Pour faire simple, nous avons des apports sous-estimés, et des déperditions au contraire sur estimées. Logiquement, la méthode 3CL va donc donner des besoins de chauffage plus importants. Ajoutons à cela des calculs des pertes de gestion obsolètes, nous aboutissons à des consommations plus élevées que la réalité et des étiquettes dégradées.”
1975, une limite discutable
Le diagnostiqueur risque donc d’être encore confronté à des incohérences après le 1er novembre…
C. C. : “C’est à craindre. Globalement, même si l’arrêté du 8 octobre améliore la méthode, les consommations restent plus élevées que la réalité. En outre, des bugs demeurent et nous ne sommes pas à l’abri de découvrir de nouvelles incohérences. En particulier, lorsque la méthode sera utilisée dans l’ancien rénové, car il existe une réelle difficulté à intégrer les produits mis en œuvre.
Aujourd’hui encore, les éditeurs de logiciels remontent de nouveaux bugs et le moteur de calcul continue d’évoluer quasiment chaque semaine. Depuis mai, une vingtaine de versions différentes a déjà vu le jour. Et nous ne sommes pas encore au bout, depuis la parution de l’arrêté mi-octobre de nouvelles modifications sont encore intervenues.
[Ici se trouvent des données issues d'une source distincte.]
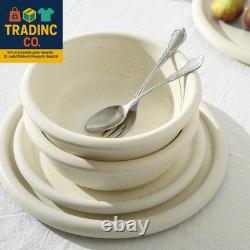 Capri 12-Piece Dinnerware Set Stoneware, White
C’est pour cette raison que la validation des logiciels a encore été reculée au 31 mars, avec tous les problèmes juridiques que cela sous-entend, alors que l’audit énergétique arrive dès le 1er janvier 2022. D’ailleurs, pour officialiser toutes les modifications apportées à la méthode, le ministère a d’ores et déjà annoncé un nouvel arrêté modificatif pour 2022, pas avant le printemps je pense.”
Ce risque ne vaut cependant que pour les biens d’avant 1975…
C. C. : “Cette date de 1975 est motivée par l’apparition de la première RT et un recours moins important à la ventilation naturelle dont on a vu qu’elle pénalisait lourdement le calcul des consommations. Cette limite ne me semble pas vraiment pertinente, et si on veut aller jusqu’au bout, les DPE dans les biens d’après 1975 mériteraient aussi d’être refaits. Y compris pour des logements très récents.
A titre d’exemple, nous avons réalisé des comparatifs entre le calcul RT2005 et le DPE : en utilisant les mêmes données, nous aboutissons à des consommations totalement différentes. Le même problème risque de se poser pour les biens construits selon la RT 2012 lorsque le DPE donner des consommations énergétiques surévaluées et une étiquette D voire E.”
Et concernant le DPE collectif ?
C. C. : “Clairement, le nouveau DPE ne fonctionne pas pour un immeuble collectif. Et selon moi, il reste un travail énorme à accomplir. Le sujet n’est pas traité aujourd’hui, la priorité est donnée au logement individuel, mais une première réunion est prévue le 9 novembre. Personnellement, même si le ministère espère avancer rapidement, je ne pense pas que l’on aboutisse à quelque chose de fiable pour le DPE à l’immeuble, avant 2022.”
Bonjour,
Pour raisonner simple et avoir du factuel
A-t-on un comparatif de factures reelles , maison bien habitée (et nb de personnes) et le calcul DPE avant modification du logiciel (06/2021) et apres la modification ?
Ou peut-on trouver ce tableau comparatif ?
Un truc simple pour quelques maisons.